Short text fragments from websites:
* * * * *

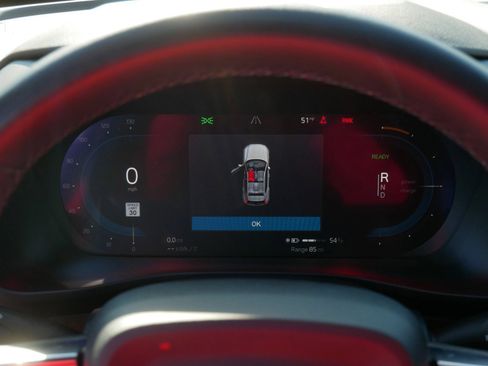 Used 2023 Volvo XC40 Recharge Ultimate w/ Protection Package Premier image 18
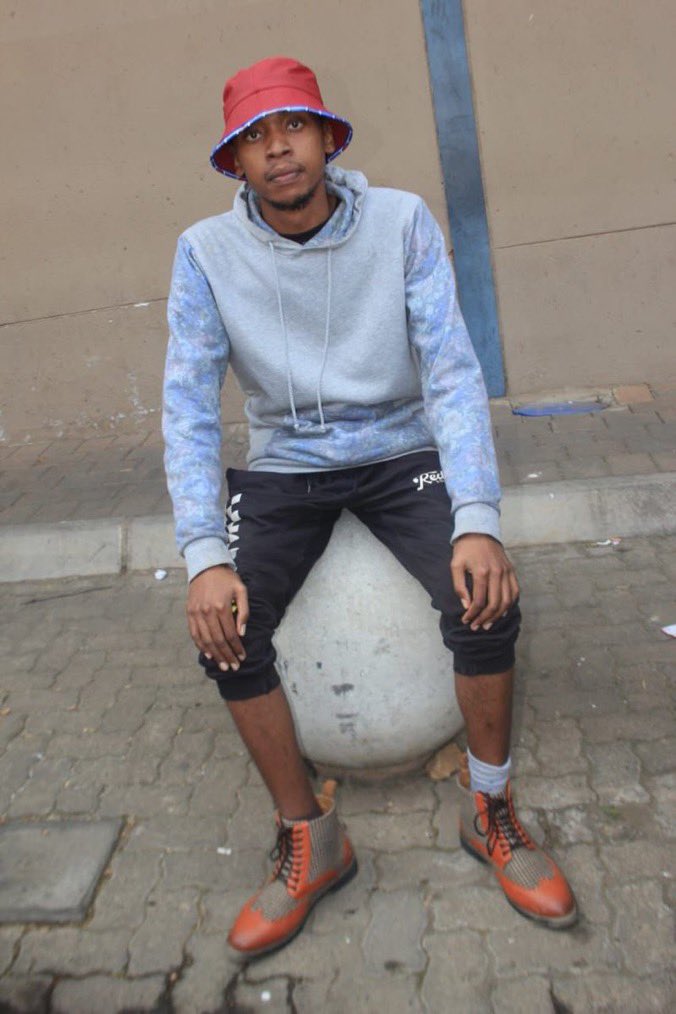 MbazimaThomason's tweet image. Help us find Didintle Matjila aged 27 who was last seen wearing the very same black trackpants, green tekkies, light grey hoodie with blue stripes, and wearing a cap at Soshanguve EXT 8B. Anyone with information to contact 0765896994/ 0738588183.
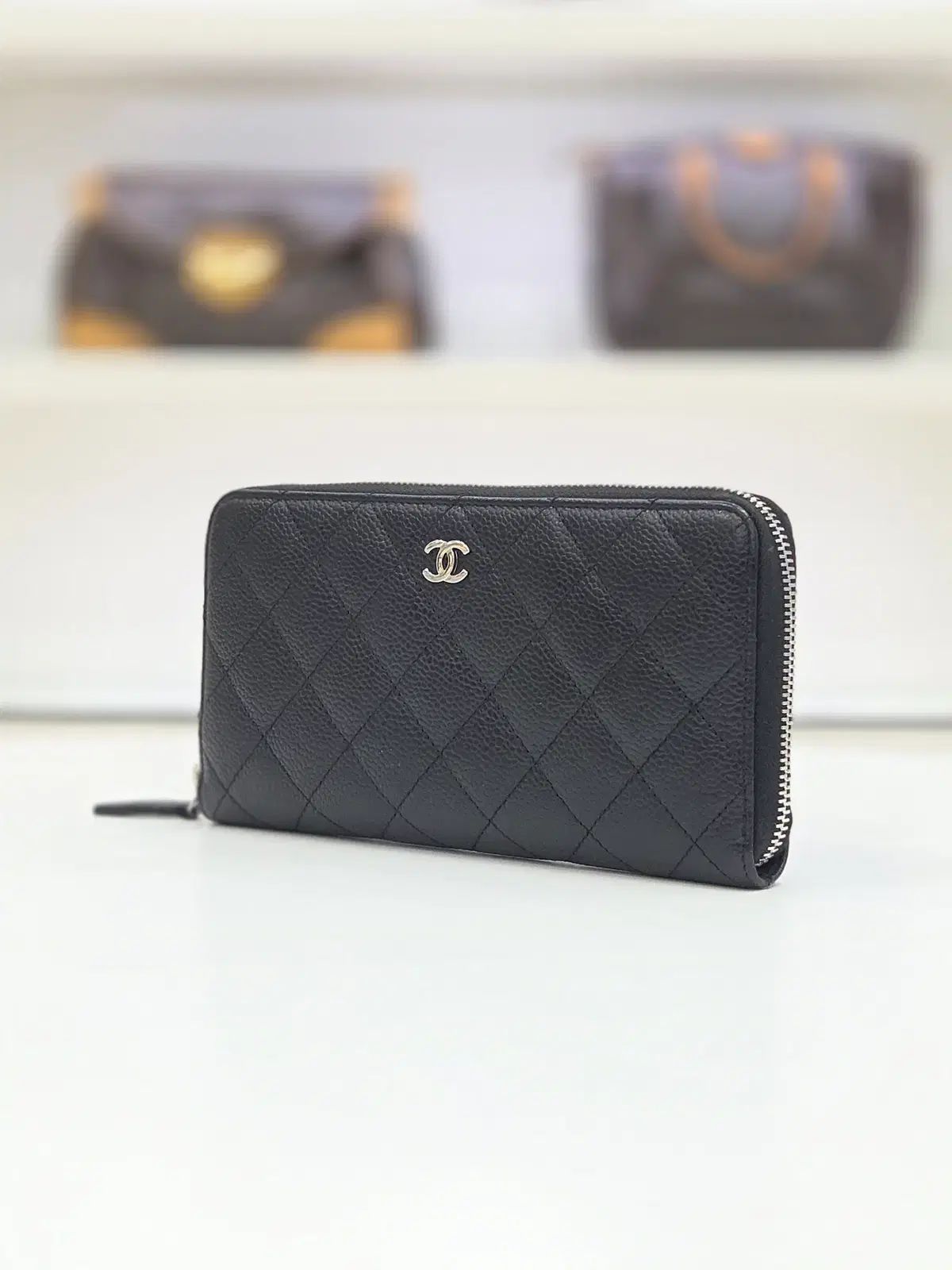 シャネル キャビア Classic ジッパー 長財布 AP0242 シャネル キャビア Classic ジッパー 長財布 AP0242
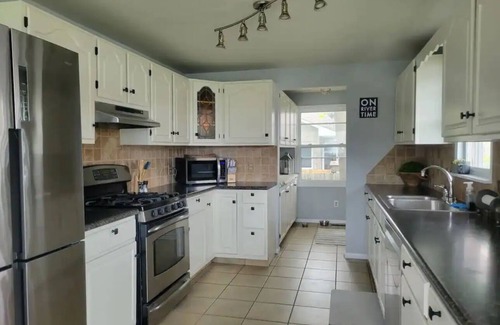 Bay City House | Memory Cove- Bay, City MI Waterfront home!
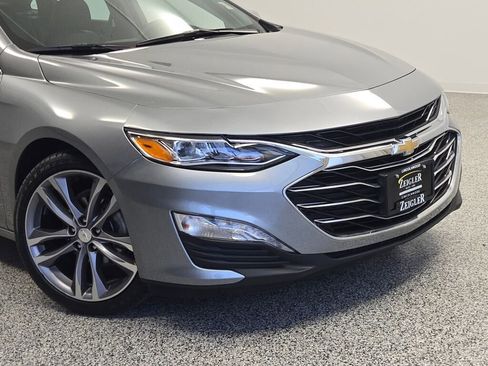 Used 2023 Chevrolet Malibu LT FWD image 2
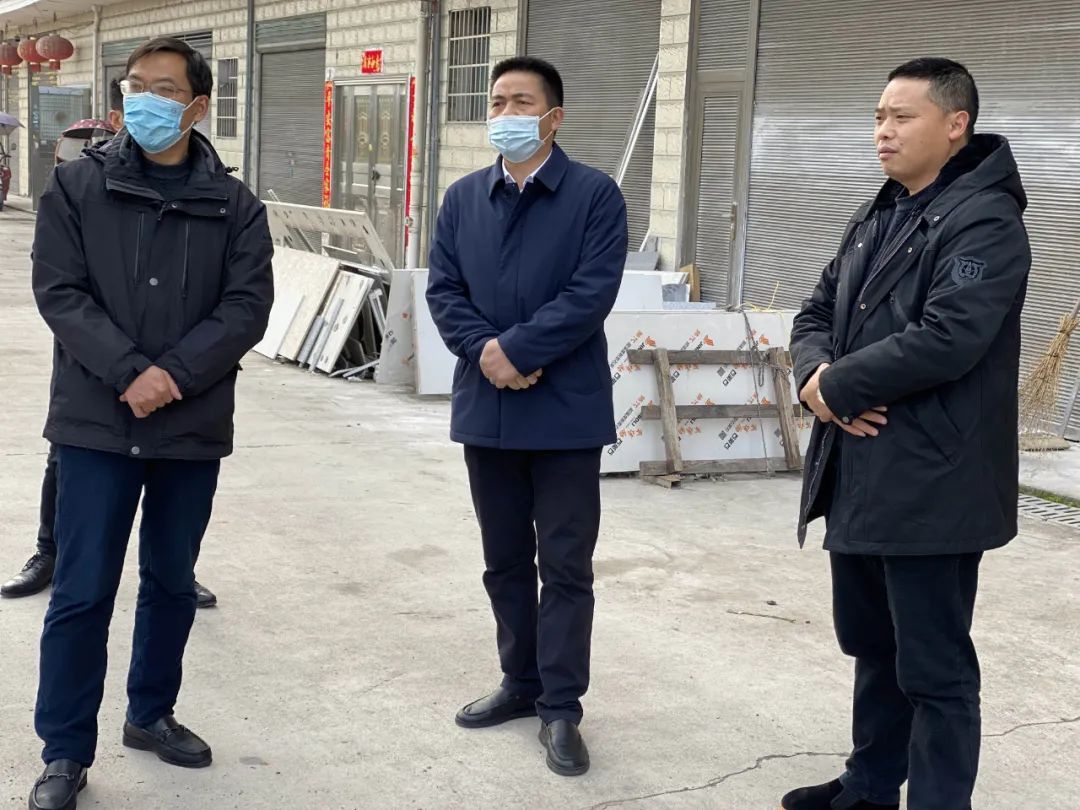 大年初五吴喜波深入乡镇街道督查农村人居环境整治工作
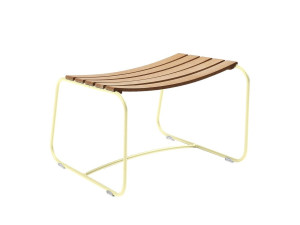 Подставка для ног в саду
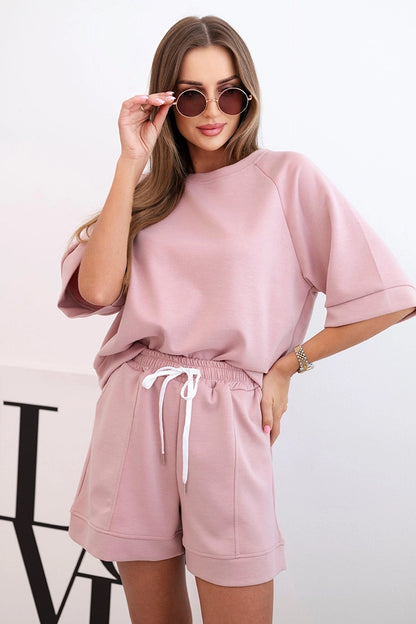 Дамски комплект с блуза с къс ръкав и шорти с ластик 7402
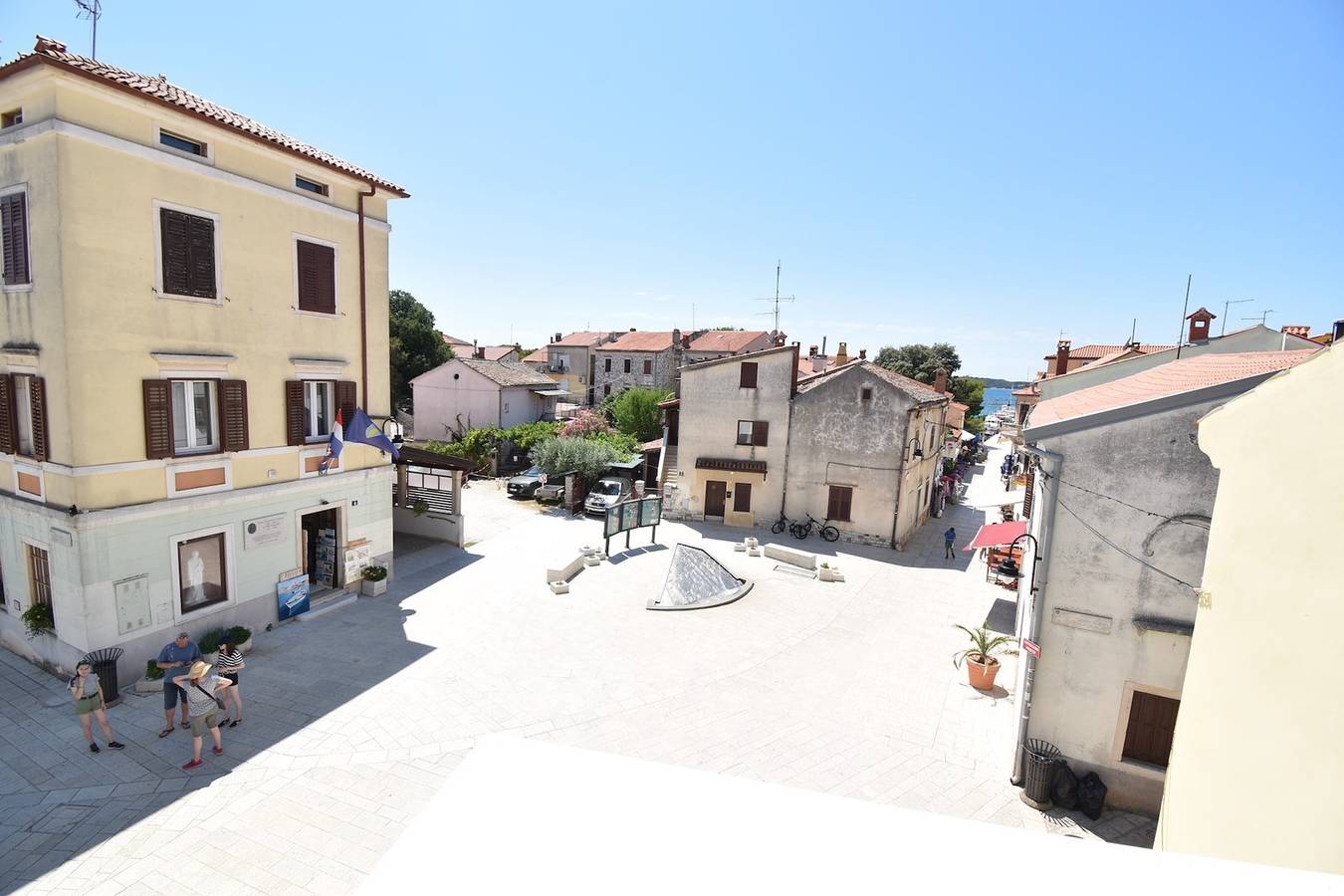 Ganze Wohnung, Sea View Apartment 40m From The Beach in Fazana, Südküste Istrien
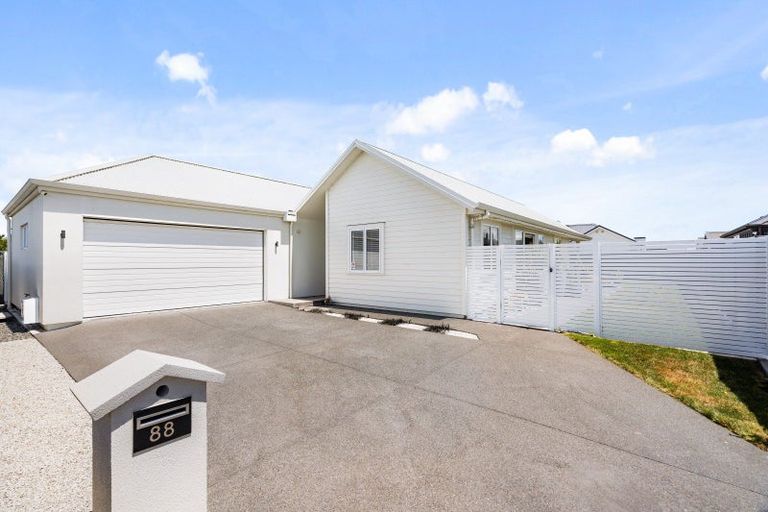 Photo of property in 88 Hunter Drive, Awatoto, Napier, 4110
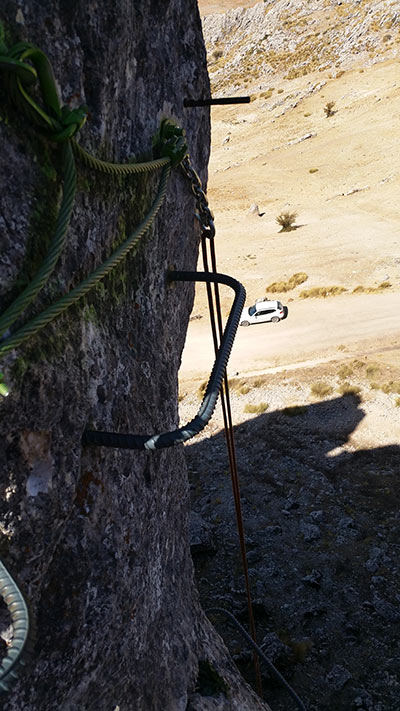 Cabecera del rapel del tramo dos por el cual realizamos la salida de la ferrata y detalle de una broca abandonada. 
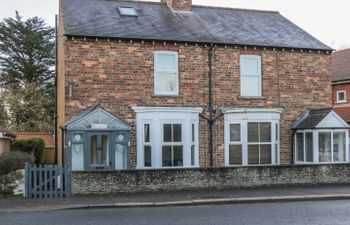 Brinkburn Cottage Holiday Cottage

* * * * *

* **PROBLEM STATEMENT**: Up to and including the line that holds "Подставка для ног в саду", restate word for word each line of the records from their start, and only those lines, leaving out the pictures.

* **SOLUTION TO THE EXERCISE**:
 Used 2023 Volvo XC40 Recharge Ultimate w/ Protection Package Premier image 18
 MbazimaThomason's tweet image. Help us find Didintle Matjila aged 27 who was last seen wearing the very same black trackpants, green tekkies, light grey hoodie with blue stripes, and wearing a cap at Soshanguve EXT 8B. Anyone with information to contact 0765896994/ 0738588183.
 シャネル キャビア Classic ジッパー 長財布 AP0242 シャネル キャビア Classic ジッパー 長財布 AP0242
 Bay City House | Memory Cove- Bay, City MI Waterfront home!
 Used 2023 Chevrolet Malibu LT FWD image 2
 大年初五吴喜波深入乡镇街道督查农村人居环境整治工作
 Подставка для ног в саду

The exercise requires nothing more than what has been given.